TO THE LOCUST

By Madison Julius Cawein

Thou pulse of hotness, who, with reed-like breast,

Makest meridian music, long and loud,

Accentuating summer!— dost thy best

To make the sunbeams fiercer, and to crowd

With lonesomeness the long, close afternoon

When Labor leans, swart-faced and beady browed,

Upon his sultry scythe — thou tangible tune

Of heat, whose waves incessantly arise

Quivering and clear beneath the cloudless skies.

Thou singest, and upon his haggard hills

Drouth yawns and rubs his heavy eyes and wakes;

Brushes the hot hair from his face; and fills

The land with death as sullenly he takes

Downward his dusty way:‘ midst woods and fields

At every pool his burning thirst he slakes:

No grove so deep, no bank so high it shields

A spring from him; no creek evades his eye;

He needs but look and they are withered dry.

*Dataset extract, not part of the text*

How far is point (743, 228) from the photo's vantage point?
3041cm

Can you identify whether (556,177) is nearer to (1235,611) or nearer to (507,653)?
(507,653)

Thou singest, and thy song is as a spell

Of somnolence to charm the land with sleep;

A thorn of sound that pierces dale and dell,

Diffusing slumber over vale and steep.

Sleepy the forest, nodding sleepy boughs;

The pastures sleepy with their sleepy sheep;

Sleepy the creek where sleepily the cows

Stand knee-deep: and the very heaven seems

Sleepy and lost in undetermined dreams.

Art thou a rattle that Monotony,

Summer's dull nurse, old sister of slow Time,

Shakes for Day's peevish pleasure, who in glee

Takes its discordant music for sweet rhyme?

Or oboe that the Summer Noontide plays,

Sitting with Ripeness‘ neath the orchard-tree,

Trying repeatedly the same shrill phrase,

Until the musky peach with drowsiness

Drops, and the hum of bees grows less and less?